Carlos e a família refugiaram-se no Centro Cívico de Santo António. Dali foram levados para o quartel do Regimento de Guarnição 3, onde cerca de 70 desalojados (quase todos vêm de bairros pobres, 20 por cento são crianças, a mais nova tem 15 dias) estão a dormir nas casernas. Alguns mesmo na messe de Oficiais, que foram para casa, para ceder os lugares, diz o sargento-chefe C. Becker. "Temos 15 a 20 equipas no terreno, com 5 ou 6 elementos cada, a colaborar com a Protecção Civil", explica Becker. "Oitenta por cento de toda a unidade está envolvida na operação."

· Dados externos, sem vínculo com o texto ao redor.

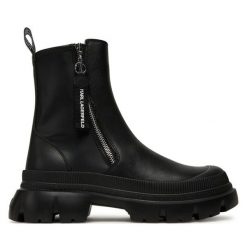 Botki KARL LAGERFELD. Czarne botki damskie KARL LAGERFELD, bez wzorów, bez obcasa, na płaskiej podeszwie, bez zapięcia. Za 889.99 zł.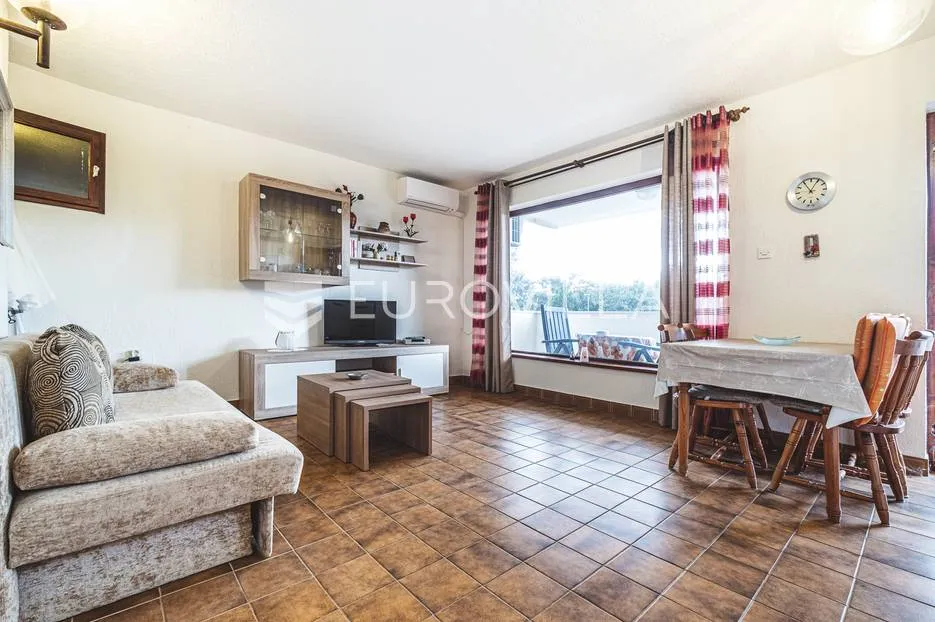 otok krk, grad krk, izvanredna kuća u prvom redu do mora nkp 260 m2 - slika 11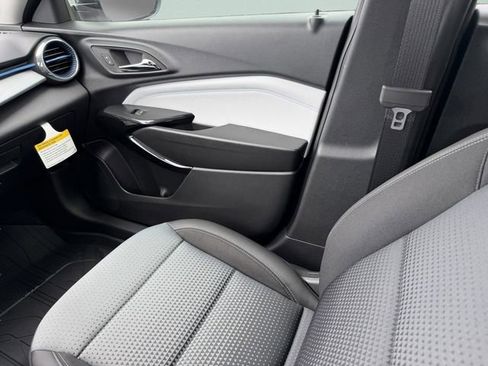 New 2026 Chevrolet Trax LT w/ Driver Confidence Package FWD image 17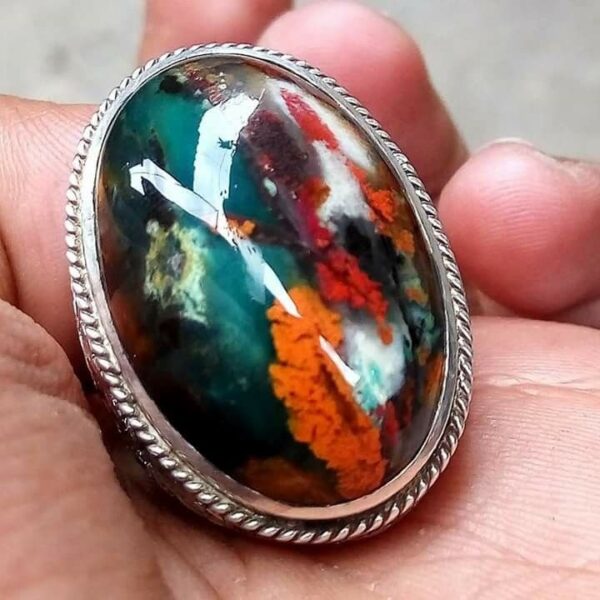 Batu Naga Sui: Batu Hias Khas Indonesia dengan Motif Alami Bernuansa Artistik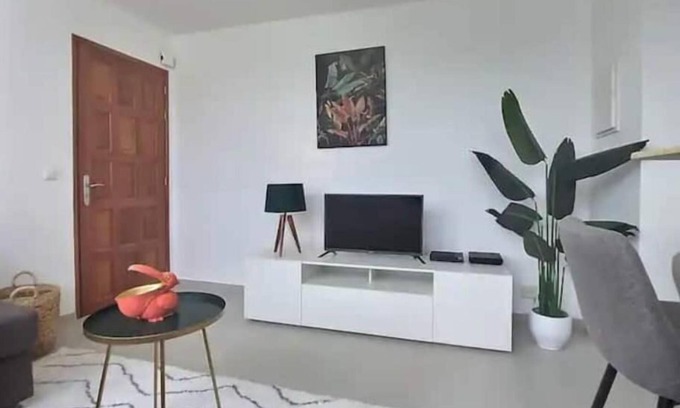 Fontaine de Moutte Apartment | Quiet Capri beach apartment.
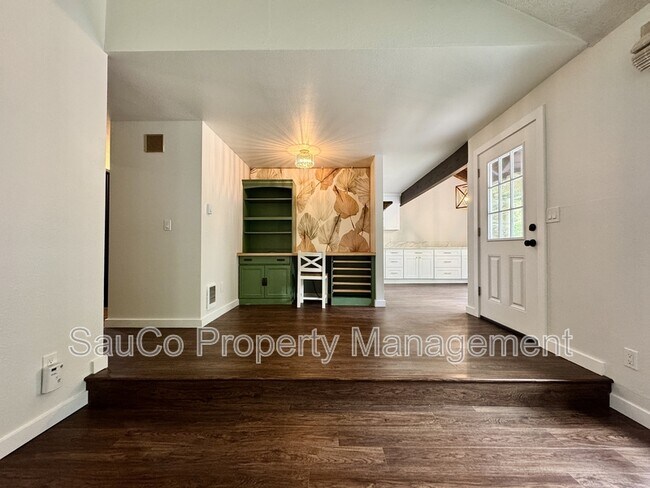 Building Photo - 6155 SW Heights Ln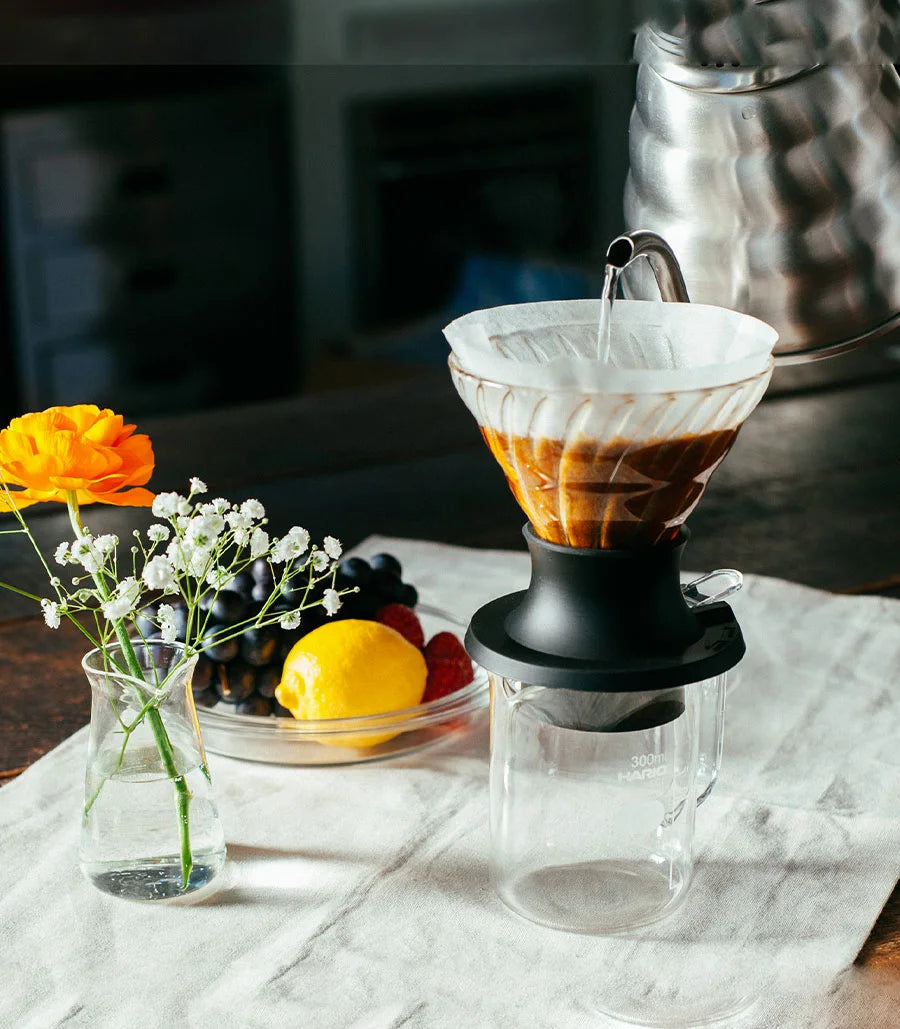 Hario V60 Switch 02 – Glass Immersion Dripper (Black)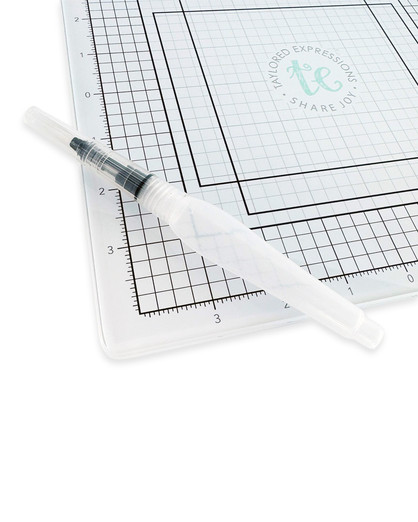 Water brush for watercoloring or splattering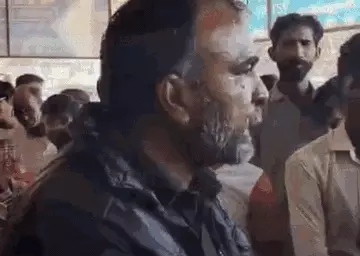 गोल्ड बैंक के सामने ग्राहक ने खुद पर केरोसीन डाल आग लगाने की कोशिश की, लोगों ने बचाया, आरोप-लोन चुकता कर देने के बाद भी सोना नहीं लौटा रहा बैंक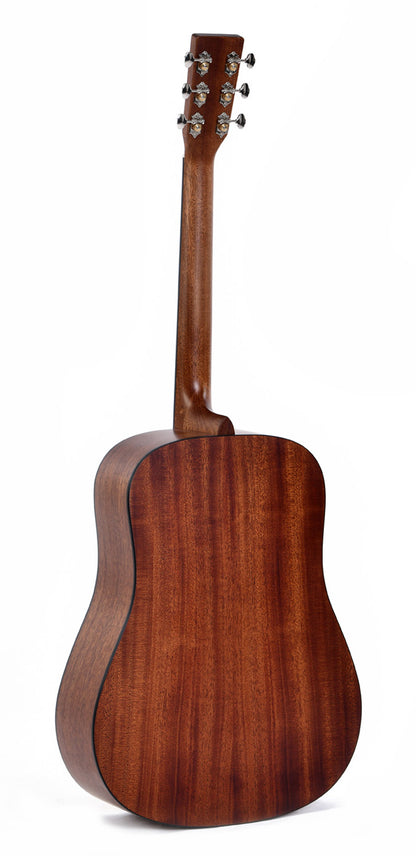 Modèle SDM-10E, Dreadnought, table épicéa Sitka massif, f/e acajou massif, touche micarta, EQ LR Baggs, soft case, naturel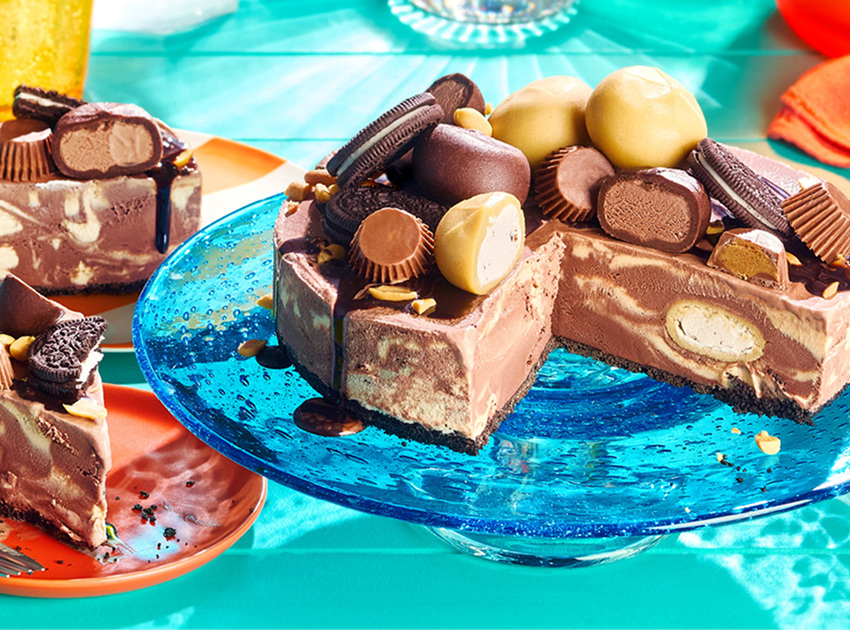/content/dam/empire/sobeys/assets/articles/compliments/Peanut-Butter-Ice-Cream-Cake.jpg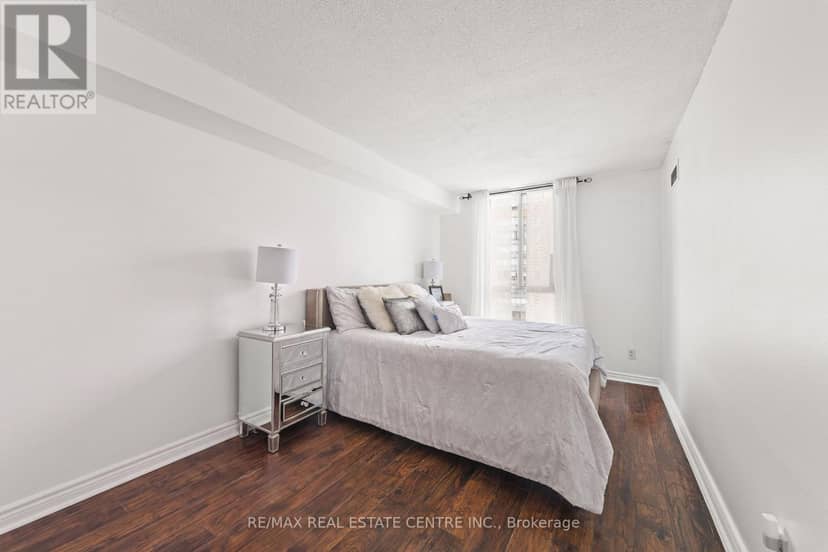 1907 - 145 Hillcrest Avenue — photo 18 of 22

Na cidade, a chuva parou e as pessoas vieram ao centro ver os estragos, como se fosse um espectáculo que um dia descreverão aos netos. Há muita gente, mas um estranho silêncio. Há zonas alagadas e outras em que a lama solidificou, deixando automóveis incrustados até ao tejadilho à maneira dos fósseis, em posições desgovernadas de quem tivesse participado numa dança louca. Dir-se-ia que andou tudo a voar.

Nas ribeiras ainda corre uma água castanha, rápida e rumorejante. Um som estridente, semelhante a uma gargalhada. Ao fundo, o mar espera, cúmplice. De certos sítios, agora calmos, ninguém se aproxima, com medo, como se ali tivesse rugido uma fera.

O Largo do Pelourinho ainda está alagado e da esplanada de um café apenas emergem os tampos das mesas, onde foi servido um sinistro repasto de pedras e lama. A um nível mais elevado fica a Praça da Autonomia, obra de regime, cercada de água por todos os lados.